Le riflessioni dei due soldati partono da premesse differenti, come diversamente sembrano affrontare la condanna, ma più passa il tempo e più vengono sviscerati i fatti che hanno portato alla triste situazione, più si rendono conto – e ci si rende conto – della loro comunanza umana: poco importa se si era al fronte perché obbligati o per la patria, loro due, Angelo e Basilio, sono stati puniti per dare il “buon esempio”, per le inettitudini e l’ottusità di un superiore che non ha voluto ascoltare i consigli di chi le montagne le conosce, perché la loro condizione è la stessa. Lo sa bene Basilio, che sogna una pace raggiunta grazie a un pallone da calcio lanciato tra le trincee, con italiani e austriaci uniti in fratellanza da un bicchiere di vino, con i gradi militari evaporati insieme ai “Signor sì, signore”. E a quel finale piuttosto che a un altro, ci si aggrappa anche Angelo anche se, alla fine, è solo un sogno.

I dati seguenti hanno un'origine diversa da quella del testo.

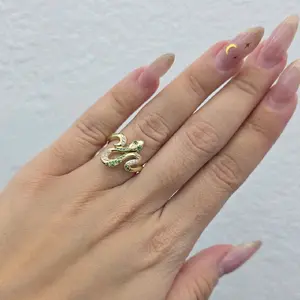 10K Yellow Gold Double Snake Ring with Green Stones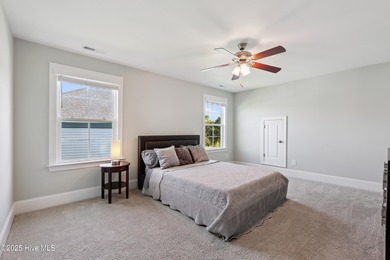 Situated on the 16th green of the Beau Rivage Golf Course, this on Beau Rivage Golf and Resort in North Carolina - for sale on GolfHomes.com, golf home, golf lot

Alessandro Maione e Filippo Quezel sono guidati magistralmente in questa ripresa dello spettacolo da Massimo Somaglino, che in uno spazio ristretto da oggetti poveri e sacri allo stesso tempo, fa vivere, con la forza della fibra e delle emozioni, due corpi che non hanno bisogno nemmeno dei loro stivali, a piedi nudi nel rito dell’attesa. La drammaturgia, vibrante e trasparente, accompagna lo spettatore senza legarlo alla pesantezza o alla disperazione, ma lo prende per mano e lo invita in uno spazio di vita che pulsa ancora di sogni e di speranze seppur nella sua ultima ora. Maione e Quezel sostengono un dialogo reale, potente, vicino ai piccoli soldati, fatto di piccole cose, parole semplici, come gli oggetti che li circondano. Un’interpretazione attenta, profonda e commovente che unisce ogni singolo spettatore davanti a questo pezzo di storia, che altro non è – per tutti e in tutti i sensi – che un’ora di vita vissuta.